Canoeman, thank you for that, I shall do some searching. Much appreciated.


----------



## Genych (Aug 22, 2013)

Hey Canoeman! What places exactly you can suggest for living in Silver Coast area? How cost of living is different from Lisbon and Algarve there?


----------



## canoeman (Mar 3, 2011)

It's a very varied area so it offers something for everyone, because we have definite wants/needs for our next move then we are looking in and around close to Caldas da Rainha.

Give us an idea of your ideal and might be able to help more


----------



## Genych (Aug 22, 2013)

Good point. Our ideal would be something like living in a safe and fairly quiet town with a more or less good weather year around (relatively of course), not too far from the sea and close to major cultural centers. And not expensive in terms of cost of life. I doubt that we want to live in very dense urban areas per se but we love visiting art museums, theaters, concerts, etc. So, being fairly close to it would be what we are looking for. Algarve is a great place to live if you mostly like beaches, warm weather and very laid back life style. I suspect that going to Lisbon from there would be not just a one day trip and one has to stay overnight there, if you want to spend a big part of a day in the capital city. Other major cities like Porto will be even farther. Am I right in my assumptions? I hope you can get a general idea about what I have in my mind, though.


----------



## anapedrosa (Mar 21, 2011)

I can offer an additional point of view here. My husband and I will be moving to the Silver Coast in October. We chose the Silver Coast over the Algarve for a few reasons:
- The landscape is greener, coming from Canada we find the Algarve a bit arid for our liking
- Property prices, we found we could get more for our budget - we were buying though, so I can't offer experience on rentals
- We like some of the seaside towns, Peniche, Foz do Arelho and São Martinho do Porto, all have nice beaches 
- Caldas da Rainha offers small city amenities, certainly enough for anything we need and most of what we want
- Lisbon, a city we love, is only a 1 hour trip away - we used the bus instead of the car for a day trip and found it very relaxing 

We will be living near the Obidos Lagoon, we're bringing our Canadian kayaks with us, and looking forward to our new lifestyle in a place where there is no need to understand the concept of winter tires.


----------



## Genych (Aug 22, 2013)

Thank you Ana! It is so nice to have a good piece of advise from fellow Canadians. As a matter of fact, we may also be buying a property down the road but we want to explore the country first. And being as a resident of Greater Vancouver area I perfectly understand what you say about arid landscapes and climates. 

May I ask you how did you work out your status in Portugal? Are you planning to work or leave on some pension/savings over there?

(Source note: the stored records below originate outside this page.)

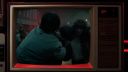 000_001_0174.jpeg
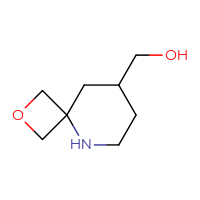 C8H15NO2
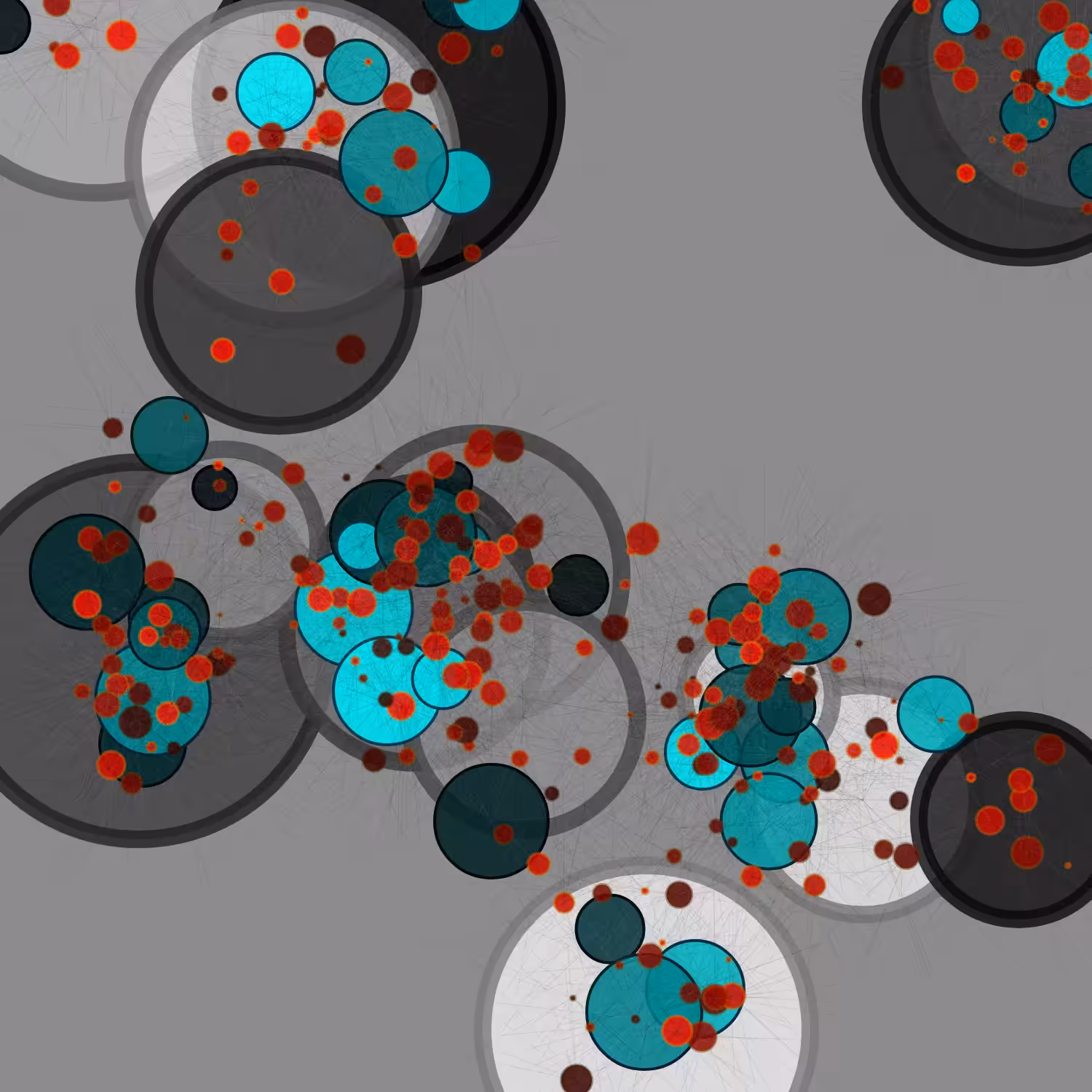 p5js tutorials - Record Array #56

If you feel more comfortable, contact me via PM.


----------



## anapedrosa (Mar 21, 2011)

Hi Genych,

I have dual citizenship and my husband will be able to join me under family reunification. We are retiring, at that happy stage in life where work is an option. I'm in Ottawa. Vancouver's a lovely city.


----------



## Genych (Aug 22, 2013)

Hi Ana,

I hear you. Unfortunately, none of us has any EU citizenship but I heard that we can work around permits and stuff, if we have enough income to support ourselves in Portugal. Basically, we also have plans to retire in the near future and looking for a nice place to live in Europe on a budget. 

Yes, Vancouver is a great city, if you like nature and outdoors. Hard to bit it in that league. Though, being raised in Moscow, Russia we had very many opportunities to travel around the world and all over Europe specifically. I mus say that we miss the culture that only Europe can provide with more or less. We are so far from any major museum here in BC that it often makes more sense to fly to Europe than to NYC, for example, though we love coming there time to time as well. I hope yu understand what I mean. And it is getting insanely expensive to live in Canada and in Vancouver in particular lately.

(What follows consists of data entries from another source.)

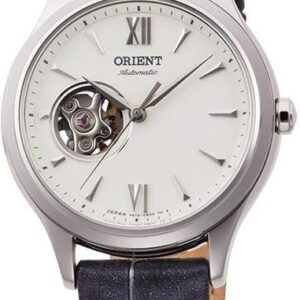 Orient Raag0025S10B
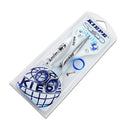Kiepe Studio Style Relax Ergonomic 5.5" Saks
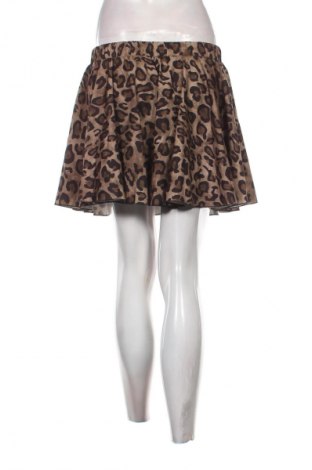 Sukně SHEIN, Velikost M, Barva Vícebarevné, Cena  109,00 Kč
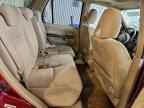 2005 HONDA CR-V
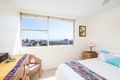 Property photo of 35/59-63 Ewos Parade Cronulla NSW 2230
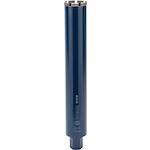 bosch_2608601363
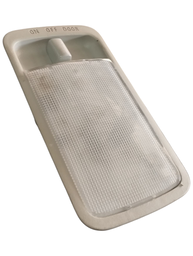 LUZ CORTESIA TETO NISSAN SENTRA 2014 A 2020 26410EL00A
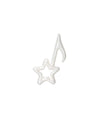 Cavish Cavish x Kyurin Star Note Ear Parts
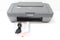 Canon PIXMA MG2551S - All-in-One Inkjetprinter - Printen Scannen Kopiëren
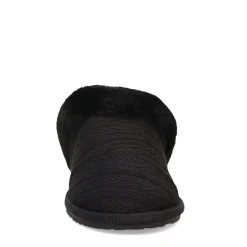 Women's TOMS, Valerie Slipper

When you guys are moving there? We are thinking of going to Portugal either in November or some time in spring depending on some stuff that we taking care off right now.


----------



## anapedrosa (Mar 21, 2011)

We are moving October 20 and will stay in Lisbon most of the time (though some time down in the Algarve to see my folks). 

I know what you mean by European culture. A big motivation for us to move is to explore more of Europe without having to pay the crazy flights from Canada. 

When you're in Portugal send me a PM, if we're in the same area we can meet up to say hello.


----------



## Genych (Aug 22, 2013)

Great! I am sure that you are eagerly looking forward to make this move. And, thank you - I will try to contact you, if it happens that we will be not far from each other.


----------